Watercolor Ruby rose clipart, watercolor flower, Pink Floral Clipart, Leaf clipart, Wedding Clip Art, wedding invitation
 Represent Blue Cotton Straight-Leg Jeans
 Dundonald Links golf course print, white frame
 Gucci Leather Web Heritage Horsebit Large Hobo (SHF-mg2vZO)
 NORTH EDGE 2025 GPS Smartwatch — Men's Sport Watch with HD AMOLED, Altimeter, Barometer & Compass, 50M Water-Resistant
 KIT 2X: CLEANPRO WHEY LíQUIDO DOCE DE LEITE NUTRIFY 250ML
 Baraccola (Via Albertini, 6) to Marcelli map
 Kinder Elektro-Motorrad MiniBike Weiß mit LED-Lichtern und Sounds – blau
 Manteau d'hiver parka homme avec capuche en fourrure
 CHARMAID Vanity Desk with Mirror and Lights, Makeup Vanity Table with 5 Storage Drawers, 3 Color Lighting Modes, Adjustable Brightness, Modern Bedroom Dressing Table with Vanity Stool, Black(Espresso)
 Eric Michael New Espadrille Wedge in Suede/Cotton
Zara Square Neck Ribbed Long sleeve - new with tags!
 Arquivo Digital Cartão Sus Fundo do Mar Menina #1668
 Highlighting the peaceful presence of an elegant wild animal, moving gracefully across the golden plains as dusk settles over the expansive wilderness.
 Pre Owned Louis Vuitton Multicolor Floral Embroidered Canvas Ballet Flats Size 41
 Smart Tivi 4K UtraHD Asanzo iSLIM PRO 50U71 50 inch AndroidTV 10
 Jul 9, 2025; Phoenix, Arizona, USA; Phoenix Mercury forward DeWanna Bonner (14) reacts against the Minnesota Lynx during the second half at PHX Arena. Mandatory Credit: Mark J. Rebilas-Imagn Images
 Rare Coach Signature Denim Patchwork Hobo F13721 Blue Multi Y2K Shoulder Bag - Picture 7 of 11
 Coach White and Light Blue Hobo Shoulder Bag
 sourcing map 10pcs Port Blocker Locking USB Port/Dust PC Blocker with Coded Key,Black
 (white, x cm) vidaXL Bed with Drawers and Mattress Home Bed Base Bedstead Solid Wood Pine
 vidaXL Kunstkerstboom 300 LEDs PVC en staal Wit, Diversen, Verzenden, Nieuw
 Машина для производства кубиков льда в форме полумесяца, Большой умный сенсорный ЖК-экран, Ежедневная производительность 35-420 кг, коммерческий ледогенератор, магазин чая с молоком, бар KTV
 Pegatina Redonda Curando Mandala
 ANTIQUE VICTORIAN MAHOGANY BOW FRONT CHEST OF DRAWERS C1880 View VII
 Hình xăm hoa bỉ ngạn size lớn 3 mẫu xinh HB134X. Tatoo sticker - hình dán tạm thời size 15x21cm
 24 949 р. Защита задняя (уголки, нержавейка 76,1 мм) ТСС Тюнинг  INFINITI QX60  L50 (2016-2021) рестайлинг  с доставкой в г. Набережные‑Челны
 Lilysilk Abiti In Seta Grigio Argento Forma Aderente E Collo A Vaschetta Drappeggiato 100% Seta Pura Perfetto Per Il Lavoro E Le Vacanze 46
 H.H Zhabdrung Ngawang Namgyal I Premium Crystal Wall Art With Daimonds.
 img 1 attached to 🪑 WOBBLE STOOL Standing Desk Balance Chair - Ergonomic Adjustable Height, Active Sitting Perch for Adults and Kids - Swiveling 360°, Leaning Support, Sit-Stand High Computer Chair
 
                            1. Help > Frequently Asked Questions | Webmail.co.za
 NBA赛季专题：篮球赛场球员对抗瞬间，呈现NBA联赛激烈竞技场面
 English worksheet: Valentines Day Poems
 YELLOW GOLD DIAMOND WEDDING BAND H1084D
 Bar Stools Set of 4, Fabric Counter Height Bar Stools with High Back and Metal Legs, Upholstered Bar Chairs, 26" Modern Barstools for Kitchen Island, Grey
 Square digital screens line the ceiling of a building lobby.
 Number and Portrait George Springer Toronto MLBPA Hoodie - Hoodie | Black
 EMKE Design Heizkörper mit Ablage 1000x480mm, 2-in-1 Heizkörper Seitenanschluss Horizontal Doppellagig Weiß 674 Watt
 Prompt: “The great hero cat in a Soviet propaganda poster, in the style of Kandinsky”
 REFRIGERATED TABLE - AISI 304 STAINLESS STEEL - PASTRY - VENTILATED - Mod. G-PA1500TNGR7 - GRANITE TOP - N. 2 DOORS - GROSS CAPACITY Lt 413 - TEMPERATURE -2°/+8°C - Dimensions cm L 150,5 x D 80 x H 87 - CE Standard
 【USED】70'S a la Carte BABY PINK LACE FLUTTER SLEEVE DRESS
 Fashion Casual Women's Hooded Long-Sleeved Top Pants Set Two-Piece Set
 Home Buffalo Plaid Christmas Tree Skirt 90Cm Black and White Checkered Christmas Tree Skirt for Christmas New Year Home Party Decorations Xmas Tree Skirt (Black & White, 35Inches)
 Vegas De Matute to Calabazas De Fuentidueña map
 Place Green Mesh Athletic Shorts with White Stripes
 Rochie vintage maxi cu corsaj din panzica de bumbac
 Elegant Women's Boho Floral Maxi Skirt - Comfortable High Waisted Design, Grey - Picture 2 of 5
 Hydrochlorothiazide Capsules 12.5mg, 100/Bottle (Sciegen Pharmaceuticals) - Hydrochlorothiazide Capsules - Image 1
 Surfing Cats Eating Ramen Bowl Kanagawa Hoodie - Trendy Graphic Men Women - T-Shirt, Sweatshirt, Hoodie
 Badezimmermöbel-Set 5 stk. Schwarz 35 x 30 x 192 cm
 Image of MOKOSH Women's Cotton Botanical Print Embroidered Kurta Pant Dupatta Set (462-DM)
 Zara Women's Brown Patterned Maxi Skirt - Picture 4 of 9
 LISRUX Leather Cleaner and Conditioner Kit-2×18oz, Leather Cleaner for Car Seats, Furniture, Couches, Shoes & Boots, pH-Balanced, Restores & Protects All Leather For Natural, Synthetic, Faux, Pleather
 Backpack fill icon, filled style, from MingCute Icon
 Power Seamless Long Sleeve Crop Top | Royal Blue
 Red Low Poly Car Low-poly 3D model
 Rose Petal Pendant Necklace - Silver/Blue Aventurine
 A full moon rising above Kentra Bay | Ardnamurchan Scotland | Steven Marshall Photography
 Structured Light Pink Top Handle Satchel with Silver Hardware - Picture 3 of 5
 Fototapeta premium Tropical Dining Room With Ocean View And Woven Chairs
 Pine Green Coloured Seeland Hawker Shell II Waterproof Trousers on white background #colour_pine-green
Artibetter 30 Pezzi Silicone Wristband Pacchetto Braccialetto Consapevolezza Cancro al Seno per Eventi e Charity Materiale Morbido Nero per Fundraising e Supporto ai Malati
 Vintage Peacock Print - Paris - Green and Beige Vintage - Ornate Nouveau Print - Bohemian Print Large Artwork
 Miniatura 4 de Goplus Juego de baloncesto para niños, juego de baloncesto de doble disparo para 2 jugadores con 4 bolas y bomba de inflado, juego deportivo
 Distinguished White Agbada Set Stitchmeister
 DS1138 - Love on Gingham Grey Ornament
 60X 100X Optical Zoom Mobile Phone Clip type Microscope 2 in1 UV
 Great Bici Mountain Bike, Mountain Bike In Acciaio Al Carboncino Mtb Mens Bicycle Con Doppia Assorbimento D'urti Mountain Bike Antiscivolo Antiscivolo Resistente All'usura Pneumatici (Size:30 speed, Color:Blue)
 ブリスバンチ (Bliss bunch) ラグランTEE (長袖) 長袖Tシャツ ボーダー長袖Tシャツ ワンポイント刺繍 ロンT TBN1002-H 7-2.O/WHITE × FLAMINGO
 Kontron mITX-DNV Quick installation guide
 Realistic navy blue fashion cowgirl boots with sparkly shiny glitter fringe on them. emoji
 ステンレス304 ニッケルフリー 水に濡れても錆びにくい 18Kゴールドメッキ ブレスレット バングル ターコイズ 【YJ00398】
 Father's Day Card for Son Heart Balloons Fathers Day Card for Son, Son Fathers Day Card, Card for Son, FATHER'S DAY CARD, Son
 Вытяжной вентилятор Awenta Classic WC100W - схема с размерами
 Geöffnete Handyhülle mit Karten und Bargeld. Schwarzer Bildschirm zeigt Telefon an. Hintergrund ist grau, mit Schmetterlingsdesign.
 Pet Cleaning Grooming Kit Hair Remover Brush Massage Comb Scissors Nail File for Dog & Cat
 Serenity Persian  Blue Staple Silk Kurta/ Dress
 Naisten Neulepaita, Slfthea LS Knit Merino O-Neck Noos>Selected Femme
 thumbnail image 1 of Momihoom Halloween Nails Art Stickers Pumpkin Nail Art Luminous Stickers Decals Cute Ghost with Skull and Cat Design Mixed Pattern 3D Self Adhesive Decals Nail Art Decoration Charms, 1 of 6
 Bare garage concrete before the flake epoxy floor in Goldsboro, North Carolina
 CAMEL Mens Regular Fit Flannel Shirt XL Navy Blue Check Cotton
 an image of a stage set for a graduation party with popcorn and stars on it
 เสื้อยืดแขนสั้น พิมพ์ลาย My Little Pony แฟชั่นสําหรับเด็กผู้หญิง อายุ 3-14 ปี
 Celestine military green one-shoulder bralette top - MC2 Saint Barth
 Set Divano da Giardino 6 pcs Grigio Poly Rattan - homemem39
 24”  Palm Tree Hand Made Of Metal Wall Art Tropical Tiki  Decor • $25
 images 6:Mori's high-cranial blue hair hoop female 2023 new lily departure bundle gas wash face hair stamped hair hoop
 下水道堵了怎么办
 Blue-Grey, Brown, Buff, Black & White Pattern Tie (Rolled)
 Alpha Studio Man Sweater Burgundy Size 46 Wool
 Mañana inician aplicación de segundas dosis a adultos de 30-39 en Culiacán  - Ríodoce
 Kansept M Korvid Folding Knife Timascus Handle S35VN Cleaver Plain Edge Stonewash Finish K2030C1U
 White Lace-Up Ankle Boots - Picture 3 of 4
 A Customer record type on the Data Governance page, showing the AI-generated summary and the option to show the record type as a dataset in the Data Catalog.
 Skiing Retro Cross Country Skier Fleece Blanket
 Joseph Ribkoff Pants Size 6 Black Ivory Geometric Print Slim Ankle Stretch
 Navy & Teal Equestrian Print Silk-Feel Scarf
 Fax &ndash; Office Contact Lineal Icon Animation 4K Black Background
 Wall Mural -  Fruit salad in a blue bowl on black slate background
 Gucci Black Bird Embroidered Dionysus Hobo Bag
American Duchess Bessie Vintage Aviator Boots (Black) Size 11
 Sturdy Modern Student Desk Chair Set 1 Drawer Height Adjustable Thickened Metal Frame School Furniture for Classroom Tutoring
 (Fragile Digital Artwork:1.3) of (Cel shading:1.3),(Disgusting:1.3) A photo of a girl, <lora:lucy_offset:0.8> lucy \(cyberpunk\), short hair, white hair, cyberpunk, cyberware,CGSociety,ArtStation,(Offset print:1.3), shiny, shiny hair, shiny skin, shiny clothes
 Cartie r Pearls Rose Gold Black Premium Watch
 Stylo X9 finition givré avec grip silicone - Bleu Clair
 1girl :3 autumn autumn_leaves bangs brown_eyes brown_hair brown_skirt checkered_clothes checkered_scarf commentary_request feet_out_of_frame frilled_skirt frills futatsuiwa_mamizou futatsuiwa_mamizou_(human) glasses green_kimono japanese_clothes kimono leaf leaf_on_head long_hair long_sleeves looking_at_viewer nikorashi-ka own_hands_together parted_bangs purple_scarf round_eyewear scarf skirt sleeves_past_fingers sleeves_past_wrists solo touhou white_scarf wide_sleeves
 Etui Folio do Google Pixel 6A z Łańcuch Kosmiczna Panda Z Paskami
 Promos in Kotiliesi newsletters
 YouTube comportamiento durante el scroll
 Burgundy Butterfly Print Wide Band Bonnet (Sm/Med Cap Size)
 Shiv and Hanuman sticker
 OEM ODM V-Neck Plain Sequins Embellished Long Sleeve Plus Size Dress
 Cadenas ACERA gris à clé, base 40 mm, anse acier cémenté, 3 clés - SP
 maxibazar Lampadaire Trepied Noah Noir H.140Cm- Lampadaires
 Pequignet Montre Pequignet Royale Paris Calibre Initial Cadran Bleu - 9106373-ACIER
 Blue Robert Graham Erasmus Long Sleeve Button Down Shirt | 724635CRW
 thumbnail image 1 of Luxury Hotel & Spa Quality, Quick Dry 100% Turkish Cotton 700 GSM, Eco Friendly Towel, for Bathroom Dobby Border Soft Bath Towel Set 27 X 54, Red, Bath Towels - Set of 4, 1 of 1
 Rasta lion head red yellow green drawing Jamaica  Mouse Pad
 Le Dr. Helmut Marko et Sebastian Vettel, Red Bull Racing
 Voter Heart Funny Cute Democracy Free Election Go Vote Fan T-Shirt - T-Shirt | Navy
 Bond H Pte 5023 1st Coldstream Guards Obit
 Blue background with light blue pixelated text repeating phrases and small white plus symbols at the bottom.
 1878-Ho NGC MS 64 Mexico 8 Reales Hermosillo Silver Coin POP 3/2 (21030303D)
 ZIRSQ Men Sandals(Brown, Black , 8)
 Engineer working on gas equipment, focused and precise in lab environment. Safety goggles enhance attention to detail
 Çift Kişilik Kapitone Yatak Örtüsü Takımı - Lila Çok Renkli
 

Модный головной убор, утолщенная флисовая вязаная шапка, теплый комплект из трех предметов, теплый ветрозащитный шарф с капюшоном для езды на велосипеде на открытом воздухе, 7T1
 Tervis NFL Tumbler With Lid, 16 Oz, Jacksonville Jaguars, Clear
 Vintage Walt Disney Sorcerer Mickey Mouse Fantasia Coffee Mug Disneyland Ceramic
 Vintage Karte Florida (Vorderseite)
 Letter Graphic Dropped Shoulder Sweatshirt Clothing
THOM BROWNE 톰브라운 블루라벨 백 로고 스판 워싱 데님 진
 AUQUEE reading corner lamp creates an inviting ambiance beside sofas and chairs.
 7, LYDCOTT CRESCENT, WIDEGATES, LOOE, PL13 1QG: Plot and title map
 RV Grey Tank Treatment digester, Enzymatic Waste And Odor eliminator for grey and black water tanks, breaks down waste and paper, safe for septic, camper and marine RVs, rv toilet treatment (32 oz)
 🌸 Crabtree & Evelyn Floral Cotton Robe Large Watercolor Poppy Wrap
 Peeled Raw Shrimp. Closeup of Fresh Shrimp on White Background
------------
▸ **YOUR OBJECTIVE**: Each line in the listing above that includes "Furniture" is to be copied.

▸ **RESPONSE BELOW**:
 LISRUX Leather Cleaner and Conditioner Kit-2×18oz, Leather Cleaner for Car Seats, Furniture, Couches, Shoes & Boots, pH-Balanced, Restores & Protects All Leather For Natural, Synthetic, Faux, Pleather
 Sturdy Modern Student Desk Chair Set 1 Drawer Height Adjustable Thickened Metal Frame School Furniture for Classroom Tutoring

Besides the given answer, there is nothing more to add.